= DIRECTIONS =
After finding the line with "Casulla roja con" in the entries below, retype exactly each line from there through the line with "7418 Airline Dr, Rowlett, TX 75089", including that final line.

= EXTRACTED RECORDS =
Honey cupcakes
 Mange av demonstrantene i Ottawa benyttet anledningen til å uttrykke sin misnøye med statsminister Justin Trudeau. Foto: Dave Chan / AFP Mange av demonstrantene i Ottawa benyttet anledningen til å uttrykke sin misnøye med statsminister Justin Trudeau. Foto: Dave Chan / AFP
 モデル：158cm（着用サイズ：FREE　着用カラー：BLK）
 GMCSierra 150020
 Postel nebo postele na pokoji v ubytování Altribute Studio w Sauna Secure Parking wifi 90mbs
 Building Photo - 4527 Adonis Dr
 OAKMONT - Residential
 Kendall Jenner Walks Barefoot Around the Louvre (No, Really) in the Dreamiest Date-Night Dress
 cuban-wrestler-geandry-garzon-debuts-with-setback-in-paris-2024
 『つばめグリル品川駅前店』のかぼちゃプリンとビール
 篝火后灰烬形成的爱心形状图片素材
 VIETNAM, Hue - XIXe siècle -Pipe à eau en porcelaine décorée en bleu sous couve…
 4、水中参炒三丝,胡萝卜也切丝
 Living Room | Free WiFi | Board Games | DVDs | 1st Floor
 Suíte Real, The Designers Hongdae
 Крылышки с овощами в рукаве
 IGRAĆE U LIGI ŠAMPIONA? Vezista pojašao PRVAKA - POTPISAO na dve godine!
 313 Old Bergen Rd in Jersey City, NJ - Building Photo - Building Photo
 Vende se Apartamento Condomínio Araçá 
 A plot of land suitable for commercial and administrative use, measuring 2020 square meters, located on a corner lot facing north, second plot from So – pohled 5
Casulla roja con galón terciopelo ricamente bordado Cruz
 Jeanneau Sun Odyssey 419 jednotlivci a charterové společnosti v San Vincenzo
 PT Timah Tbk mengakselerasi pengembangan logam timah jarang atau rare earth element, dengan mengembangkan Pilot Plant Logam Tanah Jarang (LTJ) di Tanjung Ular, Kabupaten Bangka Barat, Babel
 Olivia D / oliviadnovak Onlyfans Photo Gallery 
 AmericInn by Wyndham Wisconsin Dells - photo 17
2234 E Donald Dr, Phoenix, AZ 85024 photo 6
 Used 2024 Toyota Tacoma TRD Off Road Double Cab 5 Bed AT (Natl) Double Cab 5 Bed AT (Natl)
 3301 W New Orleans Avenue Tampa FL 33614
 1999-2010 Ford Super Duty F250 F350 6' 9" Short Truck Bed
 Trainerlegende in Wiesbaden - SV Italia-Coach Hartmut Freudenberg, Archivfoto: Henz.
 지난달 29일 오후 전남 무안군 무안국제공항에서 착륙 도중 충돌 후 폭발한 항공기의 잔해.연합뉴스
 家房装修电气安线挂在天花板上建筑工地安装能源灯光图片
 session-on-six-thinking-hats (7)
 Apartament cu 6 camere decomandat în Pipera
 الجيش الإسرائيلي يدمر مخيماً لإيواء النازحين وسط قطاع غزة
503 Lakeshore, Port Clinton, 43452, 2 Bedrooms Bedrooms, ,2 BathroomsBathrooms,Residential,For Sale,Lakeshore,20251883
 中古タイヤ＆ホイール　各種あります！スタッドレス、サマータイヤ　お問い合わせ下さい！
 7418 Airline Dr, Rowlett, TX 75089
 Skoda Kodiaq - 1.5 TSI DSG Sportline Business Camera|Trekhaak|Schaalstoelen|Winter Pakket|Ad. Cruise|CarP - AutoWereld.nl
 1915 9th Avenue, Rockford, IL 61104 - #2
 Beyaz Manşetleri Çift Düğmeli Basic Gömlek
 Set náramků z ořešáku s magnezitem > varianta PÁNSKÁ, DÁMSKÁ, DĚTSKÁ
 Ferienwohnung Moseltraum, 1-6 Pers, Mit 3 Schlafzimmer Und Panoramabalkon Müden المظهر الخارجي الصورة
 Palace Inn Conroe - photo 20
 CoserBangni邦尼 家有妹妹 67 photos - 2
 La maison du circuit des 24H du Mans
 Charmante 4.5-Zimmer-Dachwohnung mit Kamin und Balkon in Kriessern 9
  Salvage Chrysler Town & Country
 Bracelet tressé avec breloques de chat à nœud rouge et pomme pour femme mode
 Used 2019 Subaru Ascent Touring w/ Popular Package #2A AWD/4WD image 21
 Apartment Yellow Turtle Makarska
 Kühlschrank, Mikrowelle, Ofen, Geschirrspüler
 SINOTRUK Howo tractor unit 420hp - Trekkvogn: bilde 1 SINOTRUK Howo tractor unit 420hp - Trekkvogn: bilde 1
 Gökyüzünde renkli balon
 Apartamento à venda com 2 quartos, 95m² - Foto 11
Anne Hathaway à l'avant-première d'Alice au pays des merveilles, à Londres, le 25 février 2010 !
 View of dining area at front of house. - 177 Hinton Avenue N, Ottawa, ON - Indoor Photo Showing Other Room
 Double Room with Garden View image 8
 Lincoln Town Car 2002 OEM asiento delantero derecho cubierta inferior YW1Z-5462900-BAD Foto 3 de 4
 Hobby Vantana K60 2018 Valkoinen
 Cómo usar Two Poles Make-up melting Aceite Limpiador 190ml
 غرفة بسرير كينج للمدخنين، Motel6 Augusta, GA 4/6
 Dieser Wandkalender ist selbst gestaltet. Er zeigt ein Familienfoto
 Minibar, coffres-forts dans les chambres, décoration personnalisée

= SOLUTION TO THIS TASK =
Casulla roja con galón terciopelo ricamente bordado Cruz
 Jeanneau Sun Odyssey 419 jednotlivci a charterové společnosti v San Vincenzo
 PT Timah Tbk mengakselerasi pengembangan logam timah jarang atau rare earth element, dengan mengembangkan Pilot Plant Logam Tanah Jarang (LTJ) di Tanjung Ular, Kabupaten Bangka Barat, Babel
 Olivia D / oliviadnovak Onlyfans Photo Gallery 
 AmericInn by Wyndham Wisconsin Dells - photo 17
2234 E Donald Dr, Phoenix, AZ 85024 photo 6
 Used 2024 Toyota Tacoma TRD Off Road Double Cab 5 Bed AT (Natl) Double Cab 5 Bed AT (Natl)
 3301 W New Orleans Avenue Tampa FL 33614
 1999-2010 Ford Super Duty F250 F350 6' 9" Short Truck Bed
 Trainerlegende in Wiesbaden - SV Italia-Coach Hartmut Freudenberg, Archivfoto: Henz.
 지난달 29일 오후 전남 무안군 무안국제공항에서 착륙 도중 충돌 후 폭발한 항공기의 잔해.연합뉴스
 家房装修电气安线挂在天花板上建筑工地安装能源灯光图片
 session-on-six-thinking-hats (7)
 Apartament cu 6 camere decomandat în Pipera
 الجيش الإسرائيلي يدمر مخيماً لإيواء النازحين وسط قطاع غزة
503 Lakeshore, Port Clinton, 43452, 2 Bedrooms Bedrooms, ,2 BathroomsBathrooms,Residential,For Sale,Lakeshore,20251883
 中古タイヤ＆ホイール　各種あります！スタッドレス、サマータイヤ　お問い合わせ下さい！
 7418 Airline Dr, Rowlett, TX 75089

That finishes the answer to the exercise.